Ever since, humanity has been crafting elaborate fig leaves to hide behind. They are as varied as are our individual personalities. We develop a persona that “works” for us and we use it to make it through life. We hope our fig leaves will keep us secure; we hope they will minimize the exposure of our weaknesses.
Why do we fear exposure? Because we are deeply worried that who we are — warts and all — will not be loved. Ever since that first doubt in the Garden, the doubt that God is truly good and can be trusted to give us a full, meaningful and satisfying life; we have thought that God is actually holding out on us.
If God is holding out on us, that’s just another way of saying: “God doesn’t love us.”
And therefore, like Adam and Eve, we believe we have to make life work. We especially believe we have to find ways to get love and security. We also believe that since life is up to us, we have to protect ourselves from, well, everything.
Self-protection is the way we ensure that we are OK. We can’t risk embarrassment or shame or failure. It’s self-protection that gives rise to The Impostor.
So we play it safe.

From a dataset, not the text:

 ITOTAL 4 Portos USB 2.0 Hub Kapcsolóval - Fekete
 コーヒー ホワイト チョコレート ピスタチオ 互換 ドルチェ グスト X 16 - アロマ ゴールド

We stay strictly within the realm of things that are predictable, measured and calculated.
Larry Crabb once said that most men find something they are good at and then spend their lives convincing themselves that it — whatever “It” is — is important.
That is an incredibly haunting statement because i know from personal experience exactly what Crabb is talking about. Most men do.
Crabb’s thought, and self-protection as a whole, is just another take on something Jesus said:
“For whoever wishes to save his life will lose it; but whoever loses his life for my sake will find it. For what will it profit a man if he gains the whole world and forfeits his soul? Or what will a man give in exchange for his soul?” [Matthew 16:25-26]
Self-protection and playing it safe are ways we try to save our lives. Jesus says it’s hopeless. We will lose our lives that way.
The word Christ uses for “life” is the word psyche-the word for our soul, our inner self, our heart. He says that the things we do to save our psyche, our self, those plans to save and protect our inner life-those are the things that will actually destroy us. “There is a way that seems right to a man but in the end it leads to death,” says Proverbs 16:25. The false self, our plan for redemption, seems so right to us. It shields us from pain and secures us a little love and admiration. But the false self is a lie; the whole plan is built on pretense. It’s a deadly trap.
God loves us too much to leave us as the impostor “living” in our self-protective bubble of supposed safety. This is why throughout scripture, and throughout our individual lives, God is constantly calling us out, and into, the unpredictable regions of life and relationships. He even calls us deep into the unexplored regions of our souls.
In fact, He calls us to The Frontier.
A common synonym for Faith is Risk. Hebrews tells us that without Faith it is impossible to please God [Heb. 11:6], and so Risk is actually written into the fabric of our lives with God. When we let go of safety and grab hold of risk, that is when we finally experience God and the vibrant life we have actually been searching for in a million other places.